Policy rate has many solutions to offer, |
Latest inflation data reveals that inflation rose to 8.55% from 8.48% in July. Constant increase in rice prices,caused food inflation to rise to 9.56% in June , and rise in nonfood inflation from 9.37% to 9.38% maybe the reason for this hike. Rice price in particular increased by Tk 8/ kilo, prompting govt to allow private importers to import rice.
Meanwhile, keeping the policy rate at double digit is still being criticized though it brought down inflation from 11% to current level. The govt is apolitical and it has courage to do this thing before election. Otherwise, popular govt may have difficulties maintaining this kind of contractionary policy amid pressure from various groups. Before election, investors are reluctant to go for new investment and poor private sector credit growth tells all of it. So the timing is good and central bank is doing the right thing though many thought it was wrong.

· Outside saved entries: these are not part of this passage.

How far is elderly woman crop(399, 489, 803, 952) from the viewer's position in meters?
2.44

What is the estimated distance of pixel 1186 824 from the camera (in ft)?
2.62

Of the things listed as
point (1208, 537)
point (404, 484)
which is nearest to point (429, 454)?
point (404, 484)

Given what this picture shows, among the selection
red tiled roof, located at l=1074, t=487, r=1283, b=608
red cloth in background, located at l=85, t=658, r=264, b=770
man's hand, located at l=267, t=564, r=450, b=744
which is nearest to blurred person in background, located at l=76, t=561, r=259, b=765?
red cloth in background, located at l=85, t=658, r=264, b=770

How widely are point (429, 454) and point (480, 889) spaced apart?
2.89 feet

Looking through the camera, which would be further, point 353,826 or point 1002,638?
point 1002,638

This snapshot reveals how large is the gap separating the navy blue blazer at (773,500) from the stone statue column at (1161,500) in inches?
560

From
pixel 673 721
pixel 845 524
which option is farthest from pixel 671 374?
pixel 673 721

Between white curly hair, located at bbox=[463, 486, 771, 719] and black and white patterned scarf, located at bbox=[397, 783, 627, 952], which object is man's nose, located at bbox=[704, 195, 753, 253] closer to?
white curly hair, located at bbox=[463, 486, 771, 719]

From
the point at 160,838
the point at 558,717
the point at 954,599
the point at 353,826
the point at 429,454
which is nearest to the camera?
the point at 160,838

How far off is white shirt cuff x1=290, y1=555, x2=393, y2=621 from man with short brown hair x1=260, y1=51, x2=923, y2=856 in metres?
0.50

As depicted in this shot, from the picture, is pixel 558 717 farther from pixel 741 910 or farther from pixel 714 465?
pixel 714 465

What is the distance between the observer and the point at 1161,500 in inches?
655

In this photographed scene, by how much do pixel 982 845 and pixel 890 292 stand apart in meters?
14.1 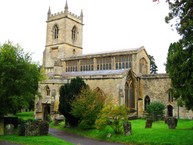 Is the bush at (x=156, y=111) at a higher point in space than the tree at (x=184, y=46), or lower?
lower

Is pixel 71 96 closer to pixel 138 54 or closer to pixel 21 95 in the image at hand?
pixel 21 95

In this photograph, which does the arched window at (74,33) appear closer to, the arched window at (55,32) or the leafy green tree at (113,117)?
the arched window at (55,32)

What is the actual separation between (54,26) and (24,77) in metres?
31.4

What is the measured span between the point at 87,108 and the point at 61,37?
29052mm

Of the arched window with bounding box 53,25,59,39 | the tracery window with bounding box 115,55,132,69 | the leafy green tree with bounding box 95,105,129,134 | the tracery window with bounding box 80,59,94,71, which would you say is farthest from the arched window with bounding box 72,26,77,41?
the leafy green tree with bounding box 95,105,129,134

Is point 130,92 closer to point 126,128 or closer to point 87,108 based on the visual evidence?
point 87,108

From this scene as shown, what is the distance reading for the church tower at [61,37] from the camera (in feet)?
165

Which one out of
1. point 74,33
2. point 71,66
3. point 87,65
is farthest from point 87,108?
point 74,33

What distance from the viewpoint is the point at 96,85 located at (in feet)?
115

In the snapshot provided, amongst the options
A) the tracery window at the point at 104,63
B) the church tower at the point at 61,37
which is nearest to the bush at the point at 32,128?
the tracery window at the point at 104,63

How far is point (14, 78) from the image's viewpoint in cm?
2291

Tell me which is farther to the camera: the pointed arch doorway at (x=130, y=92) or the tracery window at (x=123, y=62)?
the tracery window at (x=123, y=62)

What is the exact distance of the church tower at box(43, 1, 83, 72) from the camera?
50438 millimetres

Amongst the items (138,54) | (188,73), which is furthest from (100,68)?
(188,73) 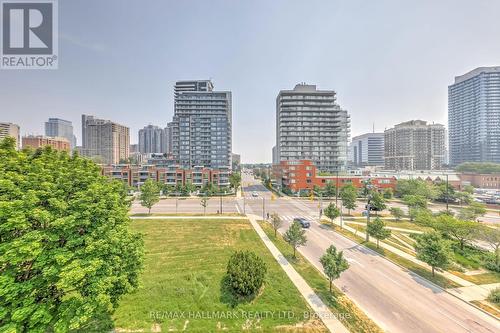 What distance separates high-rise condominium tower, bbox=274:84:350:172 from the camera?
324 feet

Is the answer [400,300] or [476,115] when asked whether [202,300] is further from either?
[476,115]

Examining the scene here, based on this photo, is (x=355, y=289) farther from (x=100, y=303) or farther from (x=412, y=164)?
(x=412, y=164)

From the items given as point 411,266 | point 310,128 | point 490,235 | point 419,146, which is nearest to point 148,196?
point 411,266

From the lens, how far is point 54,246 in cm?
1009

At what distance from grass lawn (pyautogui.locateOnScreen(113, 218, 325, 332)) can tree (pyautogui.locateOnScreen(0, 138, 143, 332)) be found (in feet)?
11.3

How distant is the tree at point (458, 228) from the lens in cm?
2595

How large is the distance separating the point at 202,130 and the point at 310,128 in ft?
176

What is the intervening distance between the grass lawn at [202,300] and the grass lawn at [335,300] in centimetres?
196

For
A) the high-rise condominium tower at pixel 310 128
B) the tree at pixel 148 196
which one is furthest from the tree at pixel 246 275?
the high-rise condominium tower at pixel 310 128

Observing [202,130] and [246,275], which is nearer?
[246,275]

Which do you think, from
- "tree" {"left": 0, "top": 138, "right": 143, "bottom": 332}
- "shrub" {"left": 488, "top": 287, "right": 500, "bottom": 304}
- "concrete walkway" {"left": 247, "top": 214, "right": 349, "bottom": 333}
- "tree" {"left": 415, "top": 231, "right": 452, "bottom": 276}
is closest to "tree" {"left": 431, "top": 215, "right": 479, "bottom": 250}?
"tree" {"left": 415, "top": 231, "right": 452, "bottom": 276}

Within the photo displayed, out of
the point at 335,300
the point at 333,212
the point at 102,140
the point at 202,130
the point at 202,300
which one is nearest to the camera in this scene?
the point at 202,300

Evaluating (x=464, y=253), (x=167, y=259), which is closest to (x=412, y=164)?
(x=464, y=253)

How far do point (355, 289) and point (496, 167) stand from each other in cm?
12757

As I highlighted before, keeping the policy rate high thwarted would-be launderers from taking loans and keeps Taka's value stable. Lowering the policy rate may make central bank's intervention in the foreign exchange market ineffective. With the high policy rate, depreciation pressure on Taka is low, so central bank's intervention in forex market will lead Taka keep a desired value. With low policy rate, depreciation pressure on Taka will be higher as the NPL keeps growing, so forex market intervention may not yield the desired result and wild fall of Taka maybe observed, worsening the passthrough effects of inflation and farther raising the cost of goods and services. Another thing I mentioned in one of my earlier posts is that higher policy rate is helping many ailing private and public institutions and it helps provident fund to grow,addressing the inflation. Otherwise, govt would have to intervene and provide cash to them through printing money or using the bloc grants. The balance sheets of many institutions say ,as the news reports revealed, they made profit through investment in treasury bonds. Again market mechanism addressing the prevailing maladies, when investment prospect and law & order situation is doomed at grassroot level. Recently, I encountered a news report on a public sugar mill[,located in Jhenidah,] bogged down with unsold sugar worth of TK 360 million as market price is lower than the govt set price. The mill is waiting with the sugar stock amid undue payments for the workers. If the provident fund's money is invested into treasury bonds, then by this time workers would take loan from provident fund and may not face financial hardship. They might sell the sugar in favorable time and clear the loans. Govt intervention would not need at all. Moreover, situation like workers [descending] on streets could be avoided.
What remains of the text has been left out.